# A Puzzle Full of Nines

A nice puzzle by way of @benjaminleis:

This AIME problem is fun: pic.twitter.com/DhbviTqnqr

— Benjamin Leis (@benjamin_leis) February 2, 2020

In case you can’t read that, we need to find the sum of the digits in $N = 9 + 99 + 999 + 999\dots999$, where the last number consists of 321 consecutive nines.

As usual, I’ll let you pause to think about it here and post spoilers below the line.

### It feels geometric!

It feels like a geometric sequence - and it sort of is, although it took me a while to spot it. It also looks like it’s related to the decimal expansion of fractions, although that turned out to be a dead-end.

The trick (for me, at least), is to write each term as $10^k - 1$.

Then we’re looking at $N = \sum_{k=1}^{321} \left( 10^k - 1\right)$.

We can split that into two sums: a geometric sequence and $321\times1$. We *could* bring out the formula for that, but why would we?
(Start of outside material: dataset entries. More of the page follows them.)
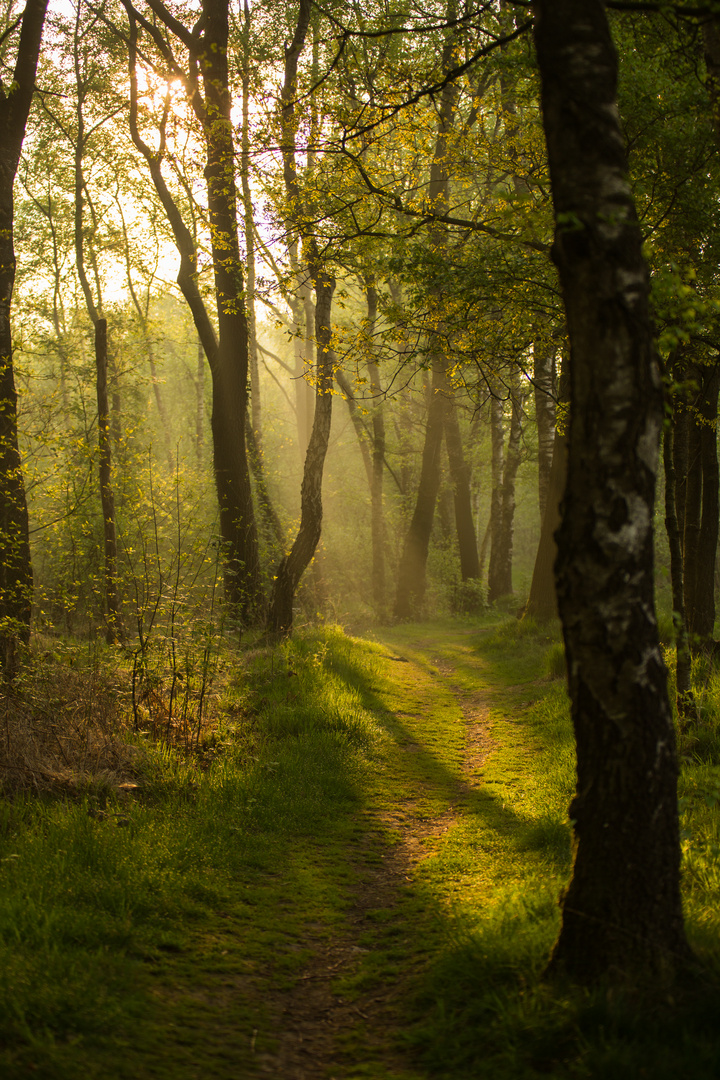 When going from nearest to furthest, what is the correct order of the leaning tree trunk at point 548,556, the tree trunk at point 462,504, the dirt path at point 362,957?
the dirt path at point 362,957, the leaning tree trunk at point 548,556, the tree trunk at point 462,504

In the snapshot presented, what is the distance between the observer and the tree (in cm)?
844

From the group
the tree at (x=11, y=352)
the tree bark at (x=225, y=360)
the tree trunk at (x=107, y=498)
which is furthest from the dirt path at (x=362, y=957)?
the tree bark at (x=225, y=360)

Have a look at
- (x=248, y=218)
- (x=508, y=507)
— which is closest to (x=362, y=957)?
(x=248, y=218)

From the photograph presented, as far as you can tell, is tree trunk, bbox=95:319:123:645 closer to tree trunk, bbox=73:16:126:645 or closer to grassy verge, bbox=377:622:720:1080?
tree trunk, bbox=73:16:126:645

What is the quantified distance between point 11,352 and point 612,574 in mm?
8838

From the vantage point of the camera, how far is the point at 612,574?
9.44ft

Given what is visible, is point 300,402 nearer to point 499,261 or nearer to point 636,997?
point 499,261

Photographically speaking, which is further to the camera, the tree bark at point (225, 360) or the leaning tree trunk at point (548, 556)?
the leaning tree trunk at point (548, 556)

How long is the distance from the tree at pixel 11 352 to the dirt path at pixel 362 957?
15.6 feet

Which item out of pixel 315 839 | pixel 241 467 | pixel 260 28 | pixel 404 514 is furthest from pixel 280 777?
pixel 404 514

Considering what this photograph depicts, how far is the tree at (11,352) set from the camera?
8438mm

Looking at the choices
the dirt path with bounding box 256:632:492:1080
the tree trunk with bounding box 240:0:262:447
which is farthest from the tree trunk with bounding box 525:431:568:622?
the tree trunk with bounding box 240:0:262:447

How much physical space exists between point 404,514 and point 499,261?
2034 cm

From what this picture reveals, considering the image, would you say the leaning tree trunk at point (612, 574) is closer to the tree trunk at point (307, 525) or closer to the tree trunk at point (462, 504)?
the tree trunk at point (307, 525) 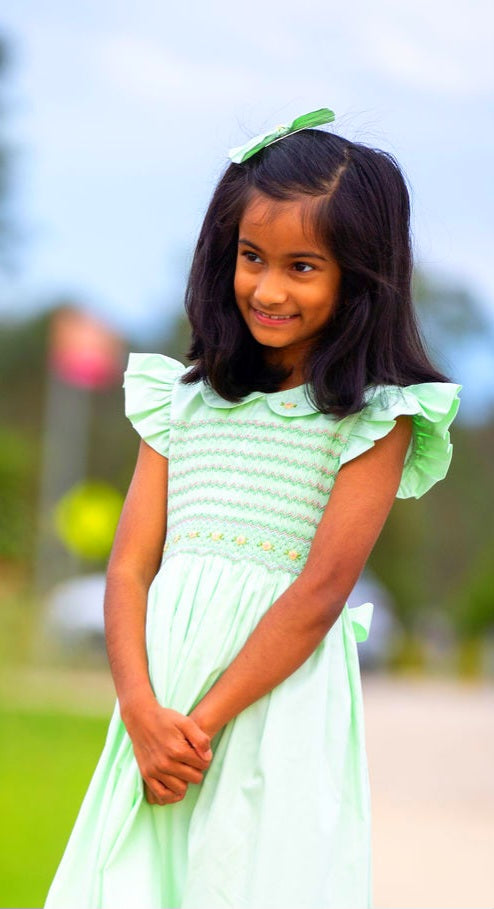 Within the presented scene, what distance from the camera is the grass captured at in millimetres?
5250

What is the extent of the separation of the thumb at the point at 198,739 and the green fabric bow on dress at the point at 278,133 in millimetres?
826

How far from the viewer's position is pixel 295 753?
86.8 inches

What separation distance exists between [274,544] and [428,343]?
0.47 m

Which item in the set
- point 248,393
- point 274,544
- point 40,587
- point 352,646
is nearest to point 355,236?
point 248,393

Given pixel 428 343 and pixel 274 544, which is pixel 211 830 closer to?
pixel 274 544

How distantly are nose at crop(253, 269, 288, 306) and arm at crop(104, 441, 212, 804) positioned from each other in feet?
1.04

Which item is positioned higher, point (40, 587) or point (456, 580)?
point (456, 580)

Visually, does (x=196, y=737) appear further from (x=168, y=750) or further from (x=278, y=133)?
(x=278, y=133)

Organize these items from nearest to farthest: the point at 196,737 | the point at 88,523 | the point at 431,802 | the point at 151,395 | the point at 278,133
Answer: the point at 196,737
the point at 278,133
the point at 151,395
the point at 431,802
the point at 88,523

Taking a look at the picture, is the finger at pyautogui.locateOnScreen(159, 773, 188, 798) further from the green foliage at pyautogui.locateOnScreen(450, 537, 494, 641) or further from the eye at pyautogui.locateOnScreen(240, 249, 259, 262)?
the green foliage at pyautogui.locateOnScreen(450, 537, 494, 641)

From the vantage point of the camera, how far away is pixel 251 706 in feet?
7.34

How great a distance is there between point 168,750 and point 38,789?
5.38 metres

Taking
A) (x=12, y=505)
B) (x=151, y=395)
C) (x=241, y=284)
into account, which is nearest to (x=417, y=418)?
(x=241, y=284)

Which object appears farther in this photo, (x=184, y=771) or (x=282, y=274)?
(x=282, y=274) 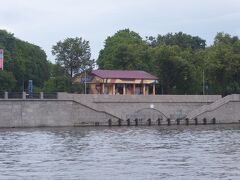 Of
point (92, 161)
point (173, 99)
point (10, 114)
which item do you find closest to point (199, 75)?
point (173, 99)

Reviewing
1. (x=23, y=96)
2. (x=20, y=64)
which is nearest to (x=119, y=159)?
(x=23, y=96)

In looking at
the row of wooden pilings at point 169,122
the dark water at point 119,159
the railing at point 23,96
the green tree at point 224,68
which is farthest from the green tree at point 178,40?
the dark water at point 119,159

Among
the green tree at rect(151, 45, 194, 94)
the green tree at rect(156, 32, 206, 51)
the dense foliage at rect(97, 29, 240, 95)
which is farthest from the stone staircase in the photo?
the green tree at rect(156, 32, 206, 51)

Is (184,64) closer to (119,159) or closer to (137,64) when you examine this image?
(137,64)

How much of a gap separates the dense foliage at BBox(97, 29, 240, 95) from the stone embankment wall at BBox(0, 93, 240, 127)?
1055 centimetres

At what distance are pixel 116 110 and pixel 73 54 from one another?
16.0 metres

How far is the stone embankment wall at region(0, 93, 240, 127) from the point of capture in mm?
82938

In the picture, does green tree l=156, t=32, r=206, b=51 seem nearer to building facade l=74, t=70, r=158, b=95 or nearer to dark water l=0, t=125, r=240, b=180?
building facade l=74, t=70, r=158, b=95

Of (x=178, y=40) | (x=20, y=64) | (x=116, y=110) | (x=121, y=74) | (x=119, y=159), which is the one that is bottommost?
(x=119, y=159)

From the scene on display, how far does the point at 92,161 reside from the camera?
124ft

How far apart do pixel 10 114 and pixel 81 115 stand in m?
10.1

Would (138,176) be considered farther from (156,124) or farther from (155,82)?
(155,82)

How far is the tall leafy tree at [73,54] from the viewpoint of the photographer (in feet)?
336

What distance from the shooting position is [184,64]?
108 metres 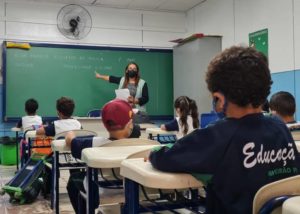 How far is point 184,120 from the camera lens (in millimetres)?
3781

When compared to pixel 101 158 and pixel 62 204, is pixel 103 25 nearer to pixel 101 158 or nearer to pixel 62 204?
pixel 62 204

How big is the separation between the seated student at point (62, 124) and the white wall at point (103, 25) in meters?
3.02

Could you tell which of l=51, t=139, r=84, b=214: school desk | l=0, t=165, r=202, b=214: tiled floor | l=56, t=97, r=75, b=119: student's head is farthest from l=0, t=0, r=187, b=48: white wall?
l=51, t=139, r=84, b=214: school desk

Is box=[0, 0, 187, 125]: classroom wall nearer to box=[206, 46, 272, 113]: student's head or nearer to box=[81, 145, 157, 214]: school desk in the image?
box=[81, 145, 157, 214]: school desk

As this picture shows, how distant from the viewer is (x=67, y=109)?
357 centimetres

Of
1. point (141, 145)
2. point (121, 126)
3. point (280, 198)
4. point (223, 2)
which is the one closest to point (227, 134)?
point (280, 198)

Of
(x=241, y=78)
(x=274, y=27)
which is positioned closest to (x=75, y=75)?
(x=274, y=27)

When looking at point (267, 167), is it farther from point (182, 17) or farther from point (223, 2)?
point (182, 17)

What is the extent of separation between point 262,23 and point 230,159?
4.42m

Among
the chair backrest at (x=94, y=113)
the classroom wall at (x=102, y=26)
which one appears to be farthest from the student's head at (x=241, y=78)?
the classroom wall at (x=102, y=26)

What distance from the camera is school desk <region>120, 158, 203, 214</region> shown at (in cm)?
95

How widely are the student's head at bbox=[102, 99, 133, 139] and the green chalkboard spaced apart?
178 inches

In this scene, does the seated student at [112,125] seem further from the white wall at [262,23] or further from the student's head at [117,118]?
the white wall at [262,23]

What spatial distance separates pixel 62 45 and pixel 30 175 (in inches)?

It’s going to be a string of 321 ones with a zero at the end.

From that, we need to subtract 321 - and we only really care about the last four digits here: $1110 - 321 = 0789$.

So, we’ve still got 318 ones in our string (the digits of which sum to 318), followed by 0789 (the digits of which sum to 24), making a total of 342.

### Quick check

The number $N$ is a multiple of 9, so its digits sum to a multiple of 9. It’s worth checking that our answer makes sense: is 342 a multiple of 9? Well, its digits sum to 9, so it looks plausible! (It’s $38\times 9$, the Ninja murmurs in their sleep).

It doesn’t mean we definitely have the right answer - but it increases our confidence slightly; had we got something that wasn’t a multiple of 9, we’d know we had it wrong.

I enjoyed that puzzle. Did you tackle it a different way?